*Working data*.
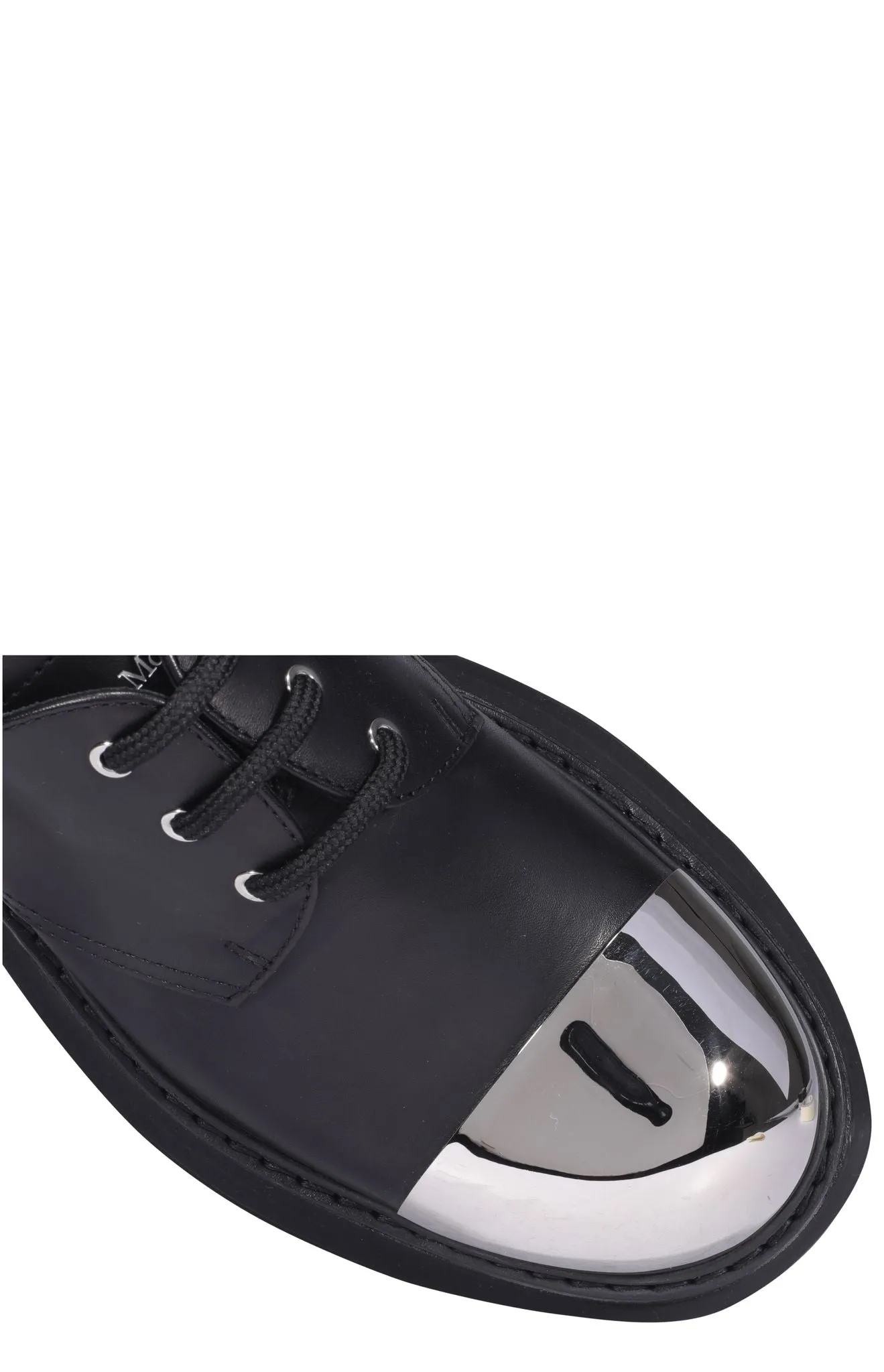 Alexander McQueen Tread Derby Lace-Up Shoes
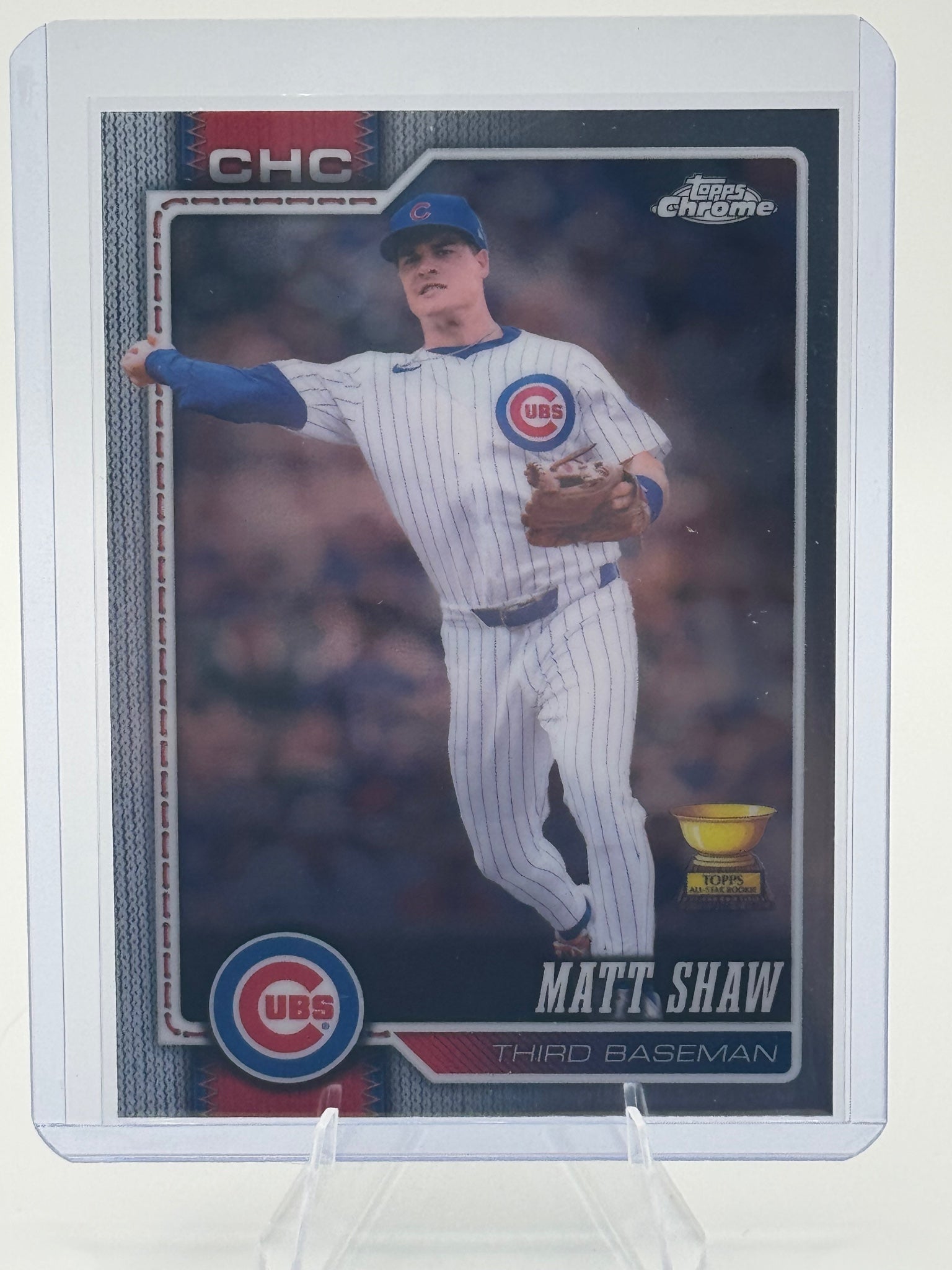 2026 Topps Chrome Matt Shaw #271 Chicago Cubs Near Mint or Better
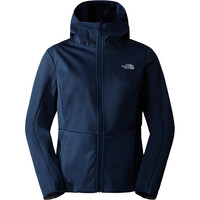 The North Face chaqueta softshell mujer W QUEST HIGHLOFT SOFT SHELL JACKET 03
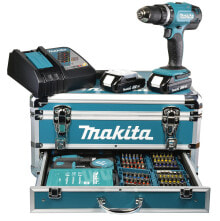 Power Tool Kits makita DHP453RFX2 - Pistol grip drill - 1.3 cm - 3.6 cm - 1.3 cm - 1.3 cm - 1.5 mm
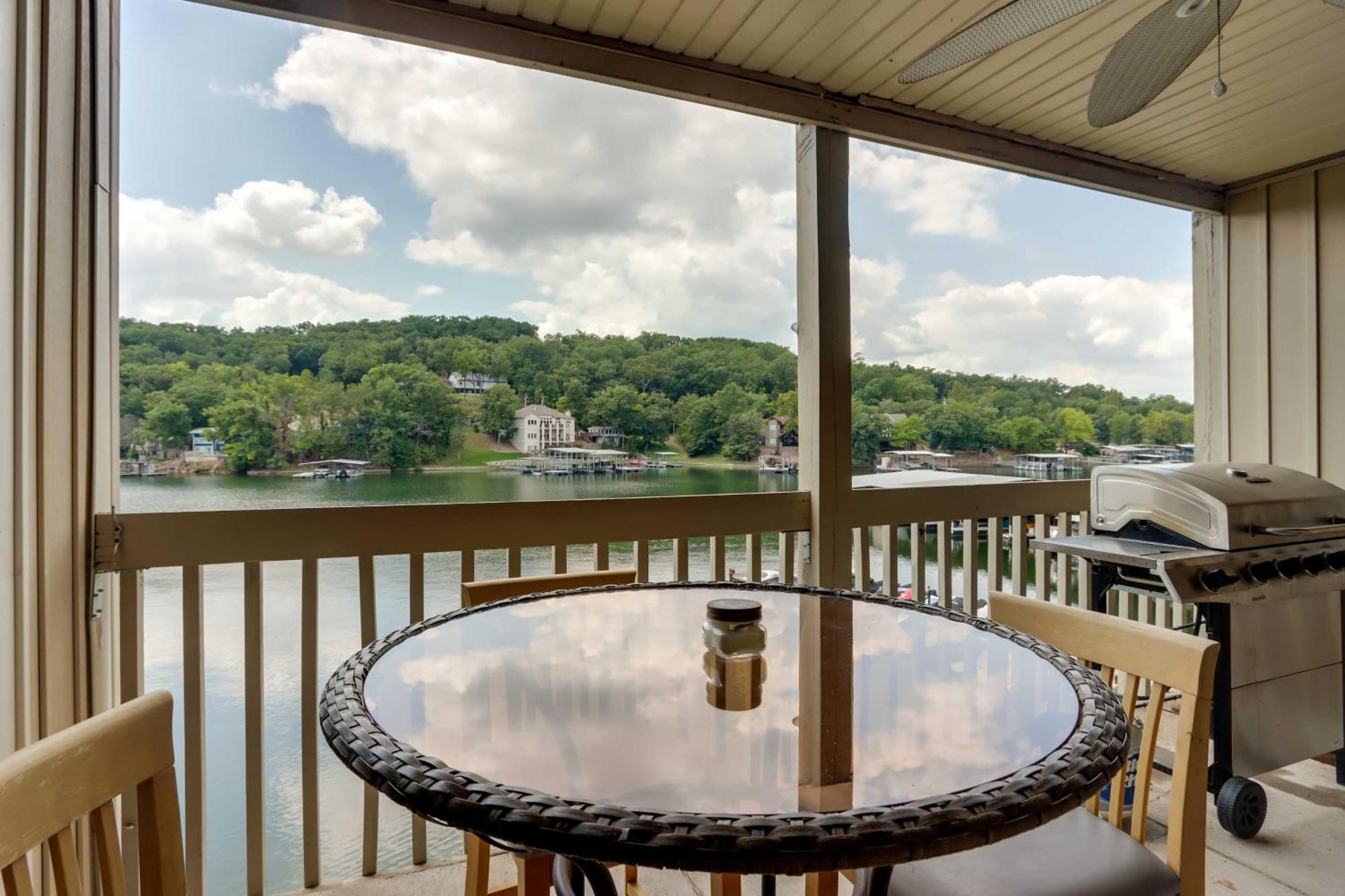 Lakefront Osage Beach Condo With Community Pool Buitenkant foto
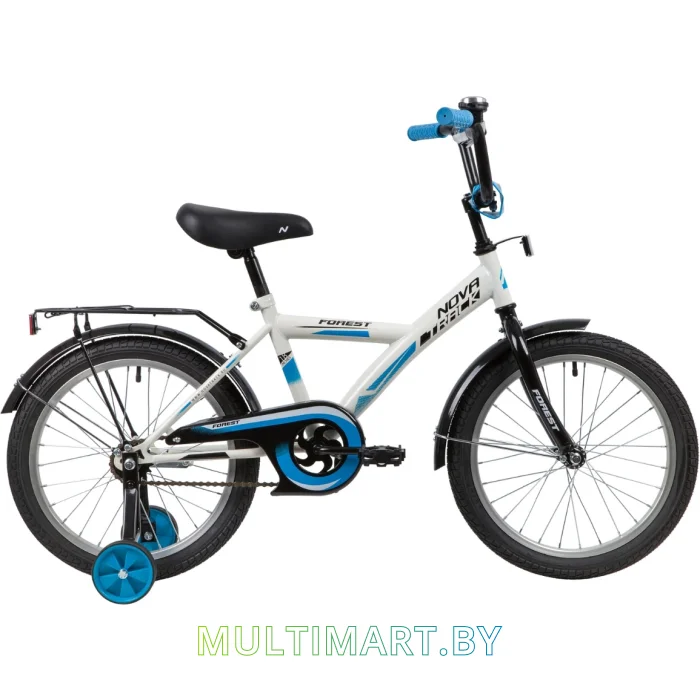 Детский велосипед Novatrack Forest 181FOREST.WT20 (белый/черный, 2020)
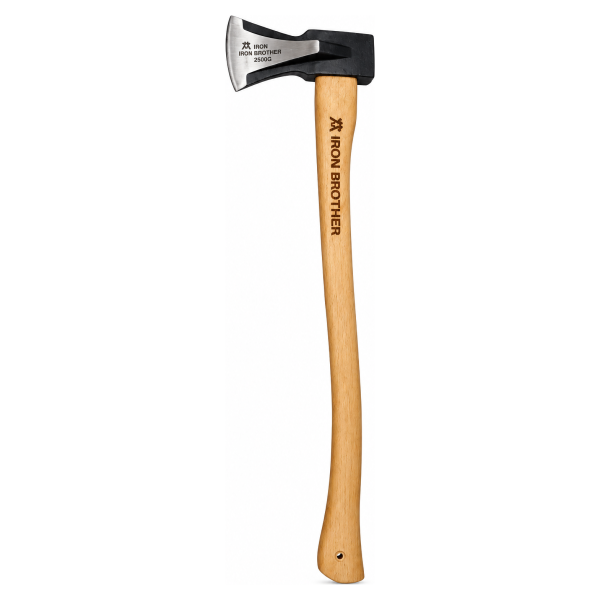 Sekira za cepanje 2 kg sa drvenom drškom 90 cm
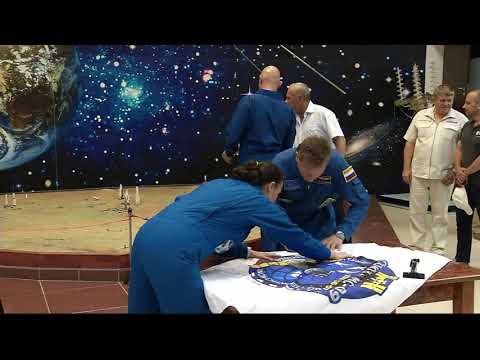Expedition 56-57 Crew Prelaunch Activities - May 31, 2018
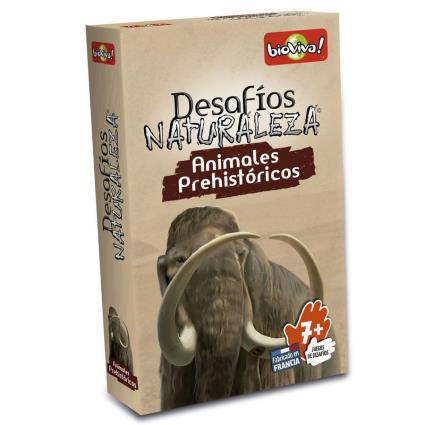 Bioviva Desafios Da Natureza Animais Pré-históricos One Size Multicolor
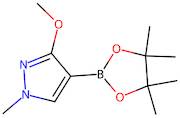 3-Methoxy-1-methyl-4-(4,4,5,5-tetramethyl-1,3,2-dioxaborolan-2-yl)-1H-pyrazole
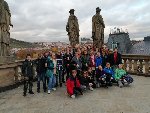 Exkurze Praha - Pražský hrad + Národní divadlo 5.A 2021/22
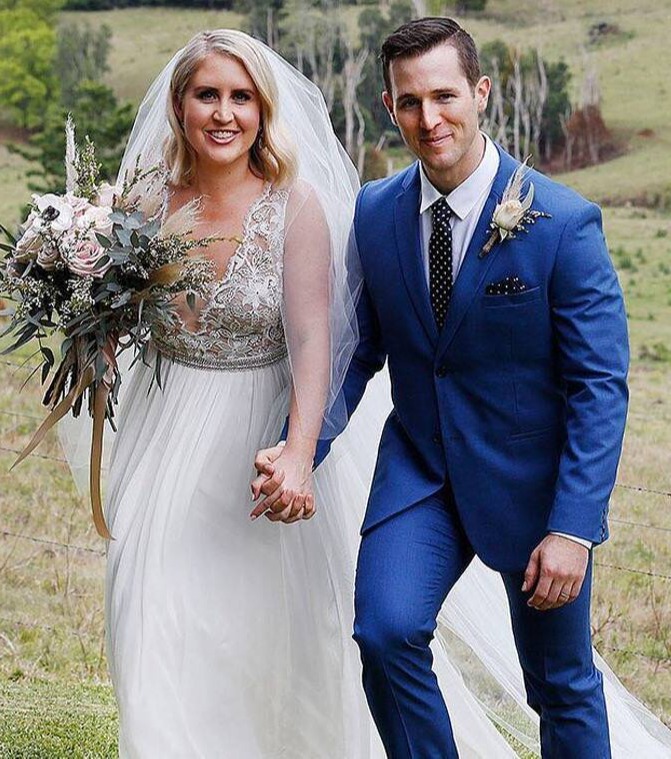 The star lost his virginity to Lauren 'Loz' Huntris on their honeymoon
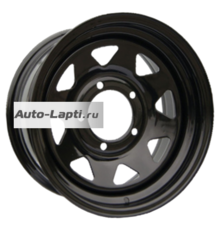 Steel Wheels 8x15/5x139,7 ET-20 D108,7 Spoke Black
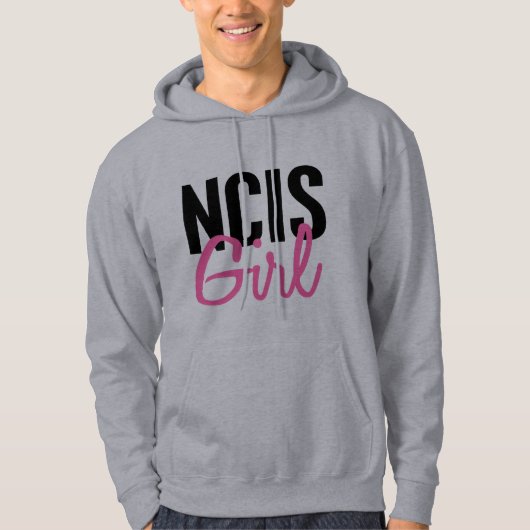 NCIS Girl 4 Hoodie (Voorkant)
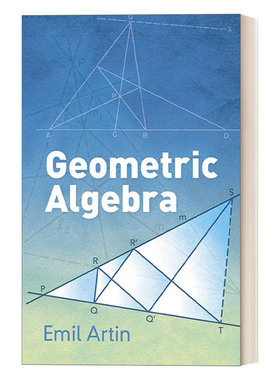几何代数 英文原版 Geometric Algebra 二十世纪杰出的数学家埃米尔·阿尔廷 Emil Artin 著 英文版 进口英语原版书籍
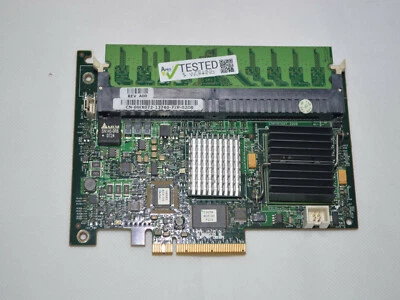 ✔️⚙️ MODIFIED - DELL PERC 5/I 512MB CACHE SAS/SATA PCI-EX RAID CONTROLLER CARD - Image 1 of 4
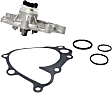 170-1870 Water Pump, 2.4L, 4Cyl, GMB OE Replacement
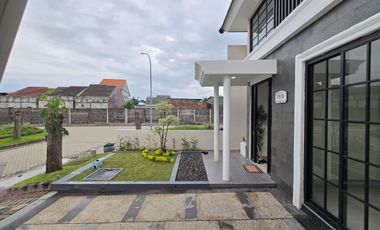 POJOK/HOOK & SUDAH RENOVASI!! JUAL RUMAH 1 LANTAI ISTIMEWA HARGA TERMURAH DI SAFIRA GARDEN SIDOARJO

*Work task*. Copy only this from above: the line containing "Детский велосипед Novatrack", the line containing "几何代数 英文原版 Geometric", and all lines between, printed exactly. Leave out the pictures.

*Answer to this task*.
 Детский велосипед Novatrack Forest 181FOREST.WT20 (белый/черный, 2020)
 Sekira za cepanje 2 kg sa drvenom drškom 90 cm
Expedition 56-57 Crew Prelaunch Activities - May 31, 2018
 Bioviva Desafios Da Natureza Animais Pré-históricos One Size Multicolor
 3-Methoxy-1-methyl-4-(4,4,5,5-tetramethyl-1,3,2-dioxaborolan-2-yl)-1H-pyrazole
 Exkurze Praha - Pražský hrad + Národní divadlo 5.A 2021/22
 The star lost his virginity to Lauren 'Loz' Huntris on their honeymoon
 Steel Wheels 8x15/5x139,7 ET-20 D108,7 Spoke Black
 NCIS Girl 4 Hoodie (Voorkant)
几何代数 英文原版 Geometric Algebra 二十世纪杰出的数学家埃米尔·阿尔廷 Emil Artin 著 英文版 进口英语原版书籍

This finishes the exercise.